Financial Sector Stability and Credit Transmission: The banking sector remains sound, but asset quality and recapitalisation risks for a few institutions must be addressed. A healthy credit channel is essential to sustaining the emerging growth momentum.”

What stands out this quarter is the broad momentum in economic activity, he said.

“Growth has been stronger and more diversified than anticipated. The first half of the year recorded 6.3 percent  GDP growth, driven by vibrant expansion in services and agriculture, while non-oil GDP surged to 7.8 percent. High-frequency indicators echo this trend: the Composite Index of Economic Activity is up about 9 percent, and business and consumer sentiments remain firmly positive.

“Taken together, these gains confirm that the negative output gap is narrowing, and the economy is gradually shifting from recovery to expansion,” he said.

Dr Asiama said that the turnaround is not accidental.

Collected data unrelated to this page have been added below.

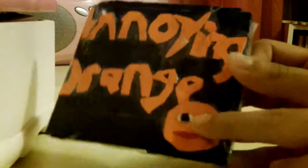The letters are in orange and then here's Annoying Orange. It's all covered in clear tape and it has some blue on the back.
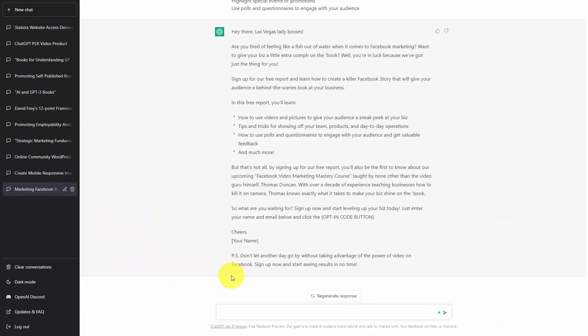So you can use the entire content that you have created inside of the project in order to create an opt-in page, and that's what we have done. Now we don't have to use all of the content for this opt-in page. However, we are off to a good start with the content that ChatGPT has given us.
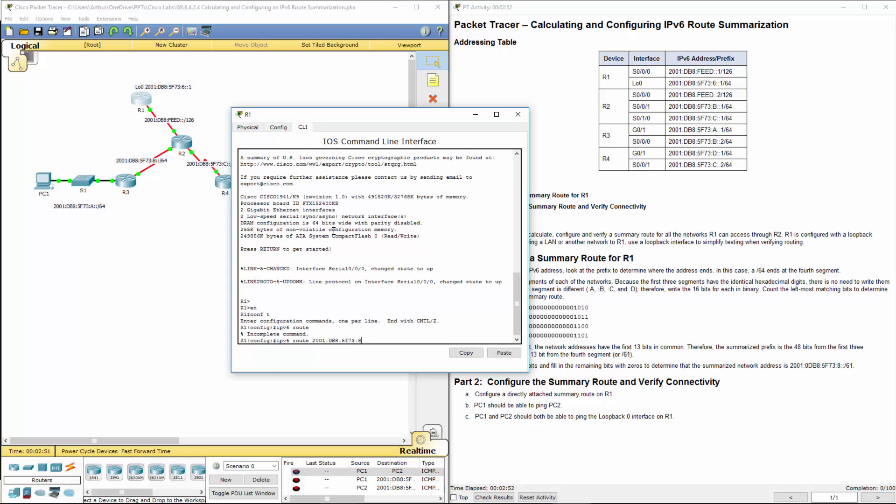5f73, 8, double colon. And we are doing a slash 61 - 48 bits plus the remaining 13 bits in common gives that 61. We're going to be sending out everything to serial zero.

He said it reflects sustained fiscal discipline, a cautious but determined monetary stance, and structural policy reforms, particularly the improvements in the FX operations framework and the rebuilding of external buffers. The 2026 Budget reinforces this discipline and places growth and job creation at the centre of Ghana’s next phase of economic transformation.

Looking ahead, he said, the growth outlook remains favourable.

“Staff projections, supported by recent real-sector indicators, suggest that the economy will maintain a steady expansion path through 2026. The strong harvest season, improved food supply dynamics, enhanced FX liquidity, and the easing credit environment all provide support for continued growth. Non-oil sectors, services, industry, and agriculture are expected to remain the key drivers,” he said.